1) The “LOWEST” RATE is not always the “BEST” MORTGAGE. Would
you buy a car without a seatbelt? What about heating? These
are some of the essential features we come to realize that we
need when we buy a car. Mortgages can be compared to car shopping
in the sense that the bank offering a 5.00% mortgage is just
as shiny on the outside as the bank offering 5.25%, but once
you own it, you will probably find that the 5.00% mortgage didn’t
come with some safety features or creature comforts that the
5.25% mortgage came with. .25% can be very insignificant
if you find that your new mortgage is not transferable to another
bank, not portable to another property, is compounded monthly,
or comes with huge penalties when you want to pay it off early.

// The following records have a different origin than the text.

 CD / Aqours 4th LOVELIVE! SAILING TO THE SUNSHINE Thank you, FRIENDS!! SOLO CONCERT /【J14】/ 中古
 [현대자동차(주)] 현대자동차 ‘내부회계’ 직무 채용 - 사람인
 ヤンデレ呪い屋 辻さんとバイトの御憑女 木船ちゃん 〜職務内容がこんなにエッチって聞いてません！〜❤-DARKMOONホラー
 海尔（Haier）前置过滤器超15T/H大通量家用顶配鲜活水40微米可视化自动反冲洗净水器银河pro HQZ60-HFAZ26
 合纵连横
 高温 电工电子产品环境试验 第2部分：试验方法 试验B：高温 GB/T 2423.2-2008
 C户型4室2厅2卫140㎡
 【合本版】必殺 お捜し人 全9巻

2) BEWARE! Each time you walk into a bank and
apply for a mortgage, that bank will pull a credit bureau on
you. Why is this bad? Each time a credit inquiry
is made on your credit bureau, it begins to deterioriate your
precious credit rating. Good credit ratings are essential
to getting a mortgage and even more important to getting a
good rate. Your broker pulls only one single credit report
on you and submits it to dozens of different lenders on your
behalf. This protects you from bruising your credit rating.
3) You harm your chances of getting a great mortgage and great
rate when you shop the banks on your own. What
you do not realize is that once you have applied with
your bank, or elsewhere, your broker is prohibited to negotiate
a mortgage on your behalf with these banks. You might have
gotten a better deal had you just let your broker do their
job without getting involved in the process. Don’t’ spin
your wheels! Let the experts do the work! Give your
broker the reigns and let them do the best possible job for
you!
4) DON’T BE FOOLED into thinking that a “PREAPPROVAL” means
you have been “APPROVED” for your mortgage financing. A
preapproved mortgage simply shows you what you can afford and
the bank holds a rate for a period of time while you shop for
your new home. The bank must still “approve” of
the property, and much needs to be done before you can buy
the property and know that your financing is securely in place. Follow
through on the entire process with your broker, and you will
see how easy it is when you have someone to step you through
the process and watch your back along the way.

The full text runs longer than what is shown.